Zoe hocha la tête et retourna docilement à la voiture. Shelley l’avait soutenue, elle était de son côté. C’était bon signe. Elle était reconnaissante et cela ne blessait en rien son égo que ce soit Shelley qui donnait les ordres. Cela ne changeait rien, tant que cela permettait de sauver des vies.
— Fiou, souffla Shelley avant de marquer une pause alors qu’elle se reposait sur le siège passager, une carte ouverte dans les mains. Ça ne devient pas plus facile, n’est-ce pas ? Une femme seule, comme ça, sans provocation. Elle ne méritait pas ça.
Zoe hocha de nouveau la tête.
— O.K., dit-elle, ne sachant pas vraiment ce qu’elle pouvait ajouter d’autre à la conversation.
Elle démarra la voiture et commença à conduire pour remplir le vide.
— Tu ne parles pas beaucoup, n’est-ce pas ? demanda Shelley.
Elle marqua une pause avant d’ajouter :
— Ce n’est pas un problème. J’apprends simplement comment tu fonctionnes.
Le meurtre n’était pas mérité, c’était vrai. Zoe pouvait le voir et le comprendre. Mais ce qui était fait était fait. Elles avaient du travail à faire à présent. Les secondes s’écoulaient et dépassèrent les limites normales d’une réponse attendue. Zoe réfléchit mais ne trouva rien à dire. Le moment était passé. Si elle parlait maintenant, elle n’en aurait l’air que plus étrange.
Zoe se concentra sur le fait de garder une expression triste alors qu’elle conduisait, mais il était trop difficile de faire les deux en même temps.
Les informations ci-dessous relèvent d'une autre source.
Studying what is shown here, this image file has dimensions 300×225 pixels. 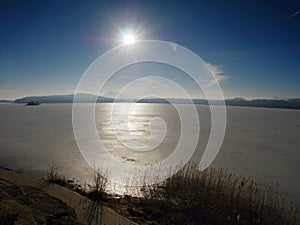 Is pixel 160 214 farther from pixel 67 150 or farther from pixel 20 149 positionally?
pixel 20 149

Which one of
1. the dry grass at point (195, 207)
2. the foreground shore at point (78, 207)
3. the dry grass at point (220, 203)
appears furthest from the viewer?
the dry grass at point (220, 203)

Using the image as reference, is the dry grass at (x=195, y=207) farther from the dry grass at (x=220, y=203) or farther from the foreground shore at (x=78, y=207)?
the foreground shore at (x=78, y=207)

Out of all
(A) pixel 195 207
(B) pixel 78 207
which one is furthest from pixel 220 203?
(B) pixel 78 207

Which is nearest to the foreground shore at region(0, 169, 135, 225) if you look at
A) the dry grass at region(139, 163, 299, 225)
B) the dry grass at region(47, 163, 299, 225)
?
the dry grass at region(47, 163, 299, 225)

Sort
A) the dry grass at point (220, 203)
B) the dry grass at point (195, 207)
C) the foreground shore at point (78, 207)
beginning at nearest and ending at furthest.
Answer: the foreground shore at point (78, 207) → the dry grass at point (195, 207) → the dry grass at point (220, 203)

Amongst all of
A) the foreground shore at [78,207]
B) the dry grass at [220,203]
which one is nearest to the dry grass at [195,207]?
the dry grass at [220,203]

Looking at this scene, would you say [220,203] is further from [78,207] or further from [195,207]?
[78,207]

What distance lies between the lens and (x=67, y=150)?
1327 cm

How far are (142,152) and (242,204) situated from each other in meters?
7.54

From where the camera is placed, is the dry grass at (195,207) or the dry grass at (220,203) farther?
A: the dry grass at (220,203)

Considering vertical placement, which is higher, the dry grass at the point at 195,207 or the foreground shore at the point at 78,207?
the foreground shore at the point at 78,207

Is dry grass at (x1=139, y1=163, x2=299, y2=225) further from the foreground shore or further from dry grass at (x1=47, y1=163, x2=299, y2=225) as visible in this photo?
the foreground shore

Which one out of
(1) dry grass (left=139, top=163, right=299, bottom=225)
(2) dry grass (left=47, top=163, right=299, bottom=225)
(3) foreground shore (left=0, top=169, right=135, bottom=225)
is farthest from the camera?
(1) dry grass (left=139, top=163, right=299, bottom=225)

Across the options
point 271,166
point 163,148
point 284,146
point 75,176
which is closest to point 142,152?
point 163,148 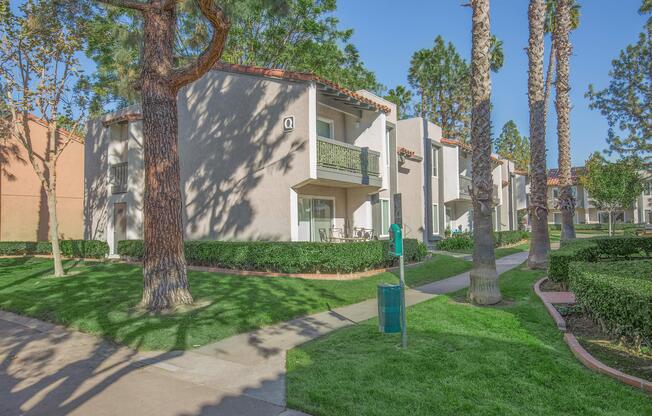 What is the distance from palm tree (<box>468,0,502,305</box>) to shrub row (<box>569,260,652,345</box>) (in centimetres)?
190

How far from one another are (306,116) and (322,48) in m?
18.9

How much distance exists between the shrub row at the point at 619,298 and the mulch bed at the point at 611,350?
0.60 ft

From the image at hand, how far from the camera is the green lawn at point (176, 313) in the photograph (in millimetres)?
8141

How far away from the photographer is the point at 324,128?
64.4 feet

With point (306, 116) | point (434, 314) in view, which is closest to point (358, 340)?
point (434, 314)

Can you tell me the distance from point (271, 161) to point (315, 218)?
10.8 ft

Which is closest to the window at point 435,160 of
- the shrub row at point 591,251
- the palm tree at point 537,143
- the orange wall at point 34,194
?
the palm tree at point 537,143

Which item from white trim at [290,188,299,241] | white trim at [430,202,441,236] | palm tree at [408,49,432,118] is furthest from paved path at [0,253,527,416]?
palm tree at [408,49,432,118]

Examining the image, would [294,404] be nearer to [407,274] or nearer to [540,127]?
[407,274]

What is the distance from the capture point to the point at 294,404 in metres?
4.89

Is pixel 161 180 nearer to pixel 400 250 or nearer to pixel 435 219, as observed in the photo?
pixel 400 250

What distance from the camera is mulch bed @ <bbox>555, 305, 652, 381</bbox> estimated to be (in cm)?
561

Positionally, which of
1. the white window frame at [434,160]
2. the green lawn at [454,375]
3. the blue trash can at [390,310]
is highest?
the white window frame at [434,160]

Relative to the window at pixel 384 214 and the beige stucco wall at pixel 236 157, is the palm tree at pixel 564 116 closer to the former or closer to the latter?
the window at pixel 384 214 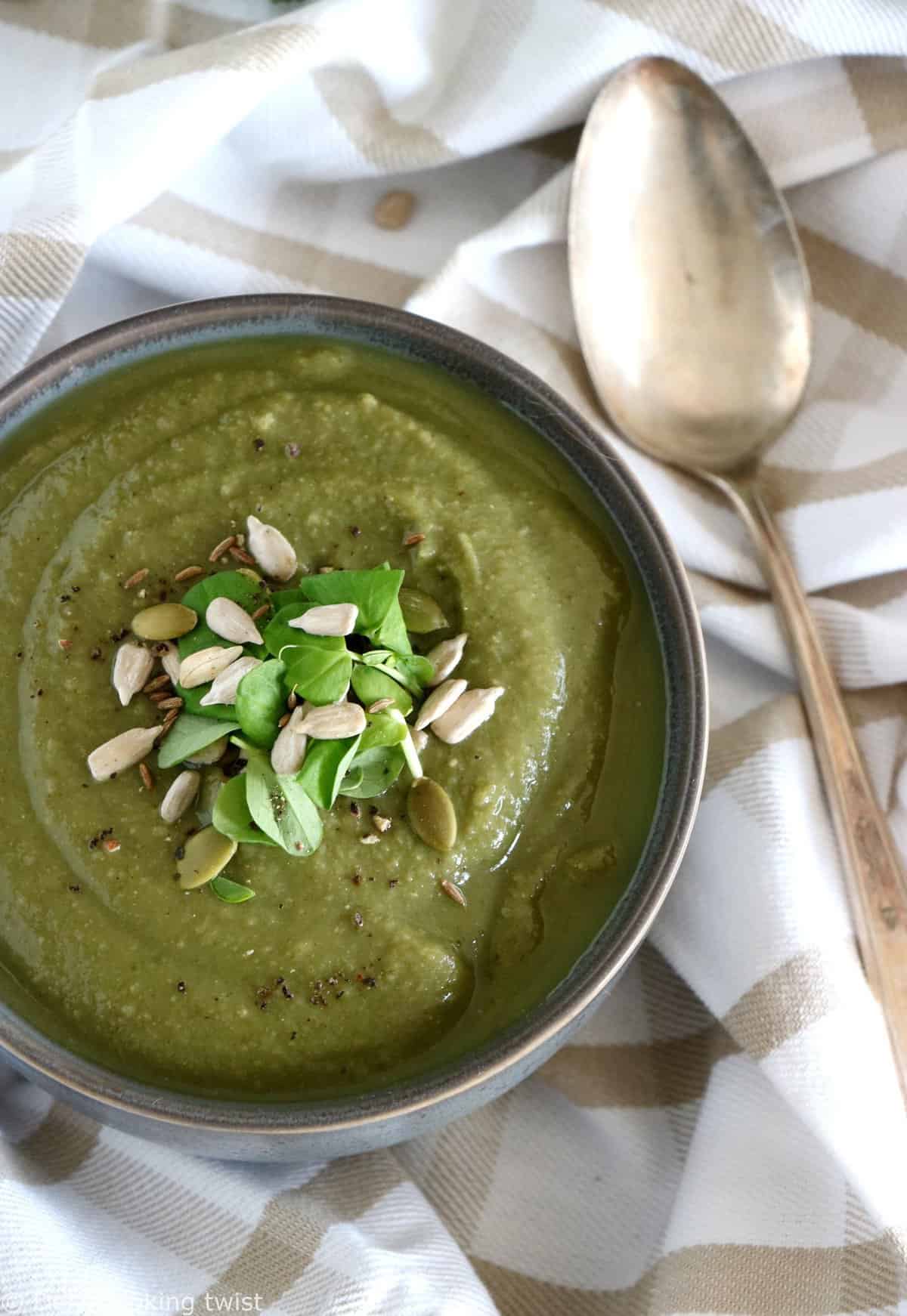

Elle arrêta de s’efforcer de le faire, son visage se détendant pour reprendre son regard fixe et neutre habituel. Ce n’était pas qu’elle ne pensait pas ou qu’il n’y avait aucune émotion dans ses yeux. Il était seulement difficile de penser à ses expressions faciales et de les contrôler consciemment pendant que son esprit calculait la distance exacte entre chaque borne sur la route et s’assurait qu’elle restait à une vitesse qui lui permettrait de faire un écart sur ce type de route sans faire se retourner la voiture.
Elles retournèrent sur la route, suivant la surface plus lisse qui sinuait à travers le paysage plat. Zoe voyait déjà que la route allait dans la bonne direction et qu’elle leur permettrait de rattraper le meurtrier s’il courait en ligne droite. Elle appuya avec force sur la pédale, se servant du bitume à son avantage pour accélérer.